TASK INSTRUCTIONS: Could you transcribe all of the data word for word?
::: RECORDED INFORMATION
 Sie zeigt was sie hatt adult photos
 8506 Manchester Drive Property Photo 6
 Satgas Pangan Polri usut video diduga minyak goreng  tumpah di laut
::::::
FINAL ANSWER:
 Sie zeigt was sie hatt adult photos
 8506 Manchester Drive Property Photo 6
 Satgas Pangan Polri usut video diduga minyak goreng  tumpah di laut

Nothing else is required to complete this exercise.